0
我有我的火花数据框与下面的代码无法写入和应用GROUPBY火花数据帧
scala> val sqlContext = new org.apache.spark.sql.SQLContext(sc)
scala> import sqlContext.implicits._
scala> case class Wiki(project: String, title: String, count: Int, byte_size: String)
scala> val data = sc.textFile("s3n://+++/").map(_.split(" ")).map(p => Wiki(p(0), p(1), p(2).trim.toInt, p(3)))
scala> val df = data.toDF()
,并尝试写入输出文件:
scala> df.write.parquet("df.parquet")
或汇总数据与
scala> df.filter("project = 'en'").select("title","count").groupBy("title").sum().collect()
失败,类似错误如下所示:
WARN TaskSetManager: Lost task 855.0 in stage 0.0 (TID 855, ip-172-31-10-195.ap-northeast-1.compute.internal): org.apache.spark.SparkException: Task failed while writing rows.
at org.apache.spark.sql.execution.datasources.DefaultWriterContainer.writeRows(WriterContainer.scala:251)
at org.apache.spark.sql.execution.datasources.InsertIntoHadoopFsRelation$$anonfun$run$1$$anonfun$apply$mcV$sp$3.apply(InsertIntoHadoopFsRelation.scala:150)

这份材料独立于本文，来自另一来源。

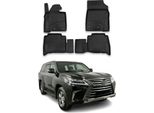 2015-2025 Lexus Lx 570 Tappetini Tpe Nero 4 Pz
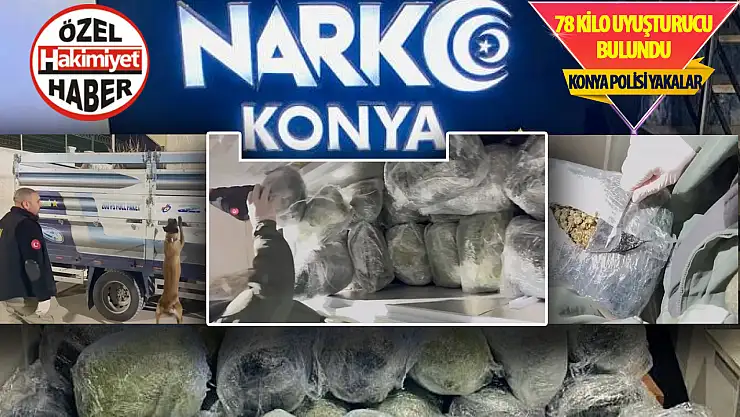 Şüphe üzerine durdurulan araçtan 78 kg uyuşturucu çıktı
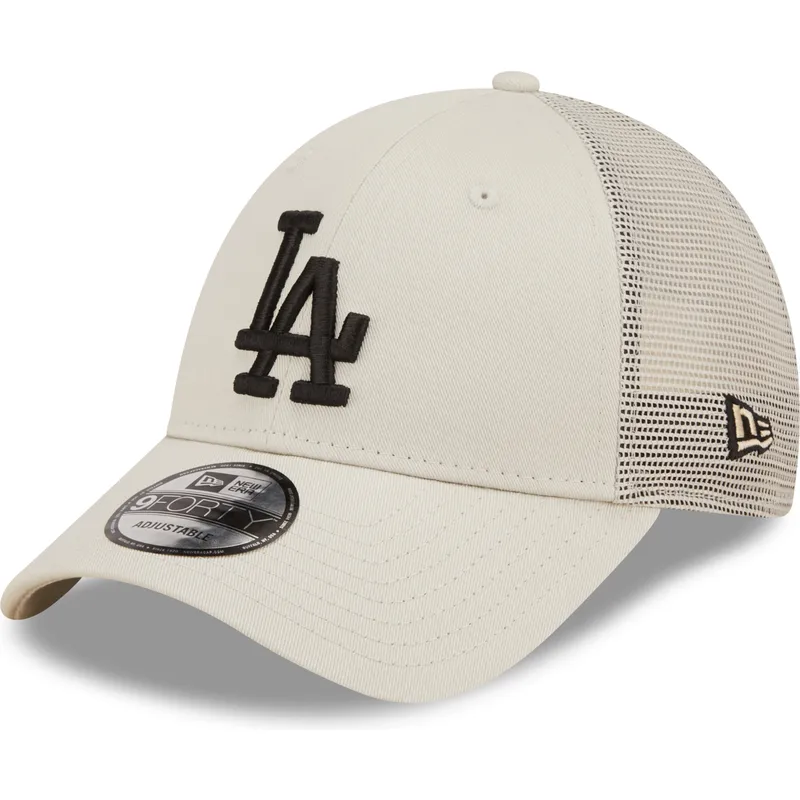lippikset-kaareva-rekka-beige-saadettava-nauha-a-frame-home-field-los-angeles-dodgers-mlb-new-era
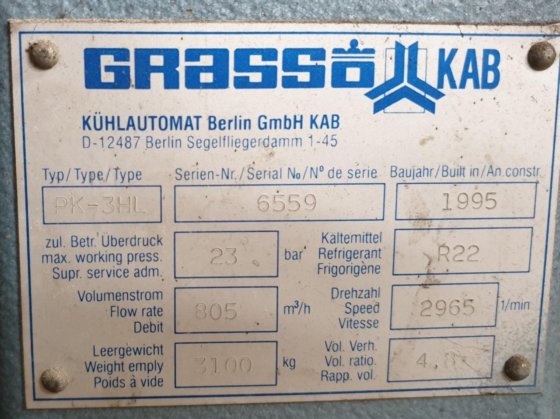 グラッソ PK-3HL スクリューパッケージ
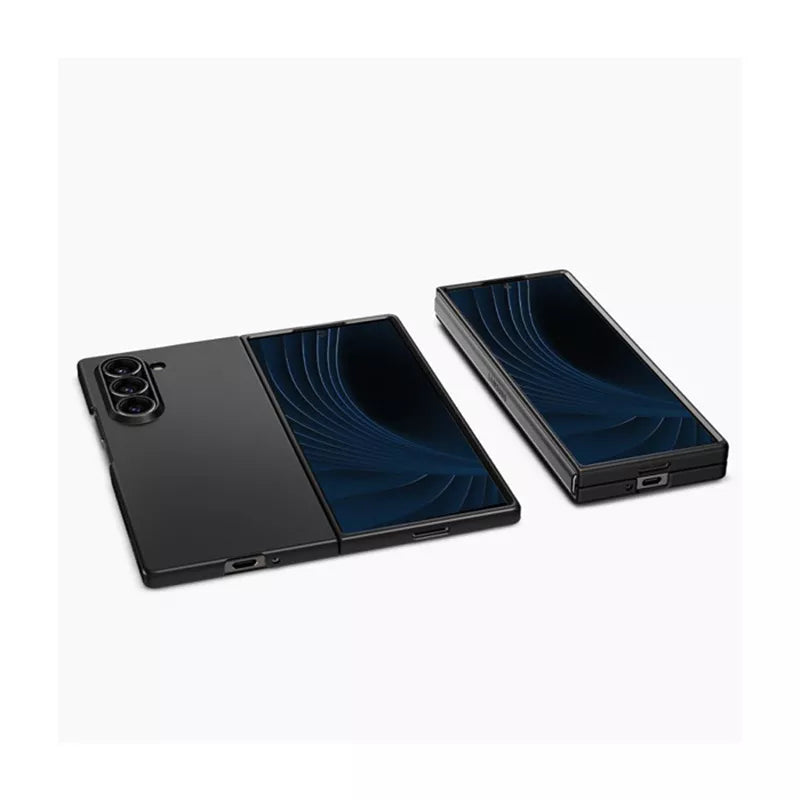 Spigen Airskin – dėklas, skirtas Samsung Galaxy Z Fold 6 (juodas)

at org.apache.spark.sql.execution.datasources.InsertIntoHadoopFsRelation$$anonfun$run$1$$anonfun$apply$mcV$sp$3.apply(InsertIntoHadoopFsRelation.scala:150)
at org.apache.spark.scheduler.ResultTask.runTask(ResultTask.scala:66)
at org.apache.spark.scheduler.Task.run(Task.scala:88)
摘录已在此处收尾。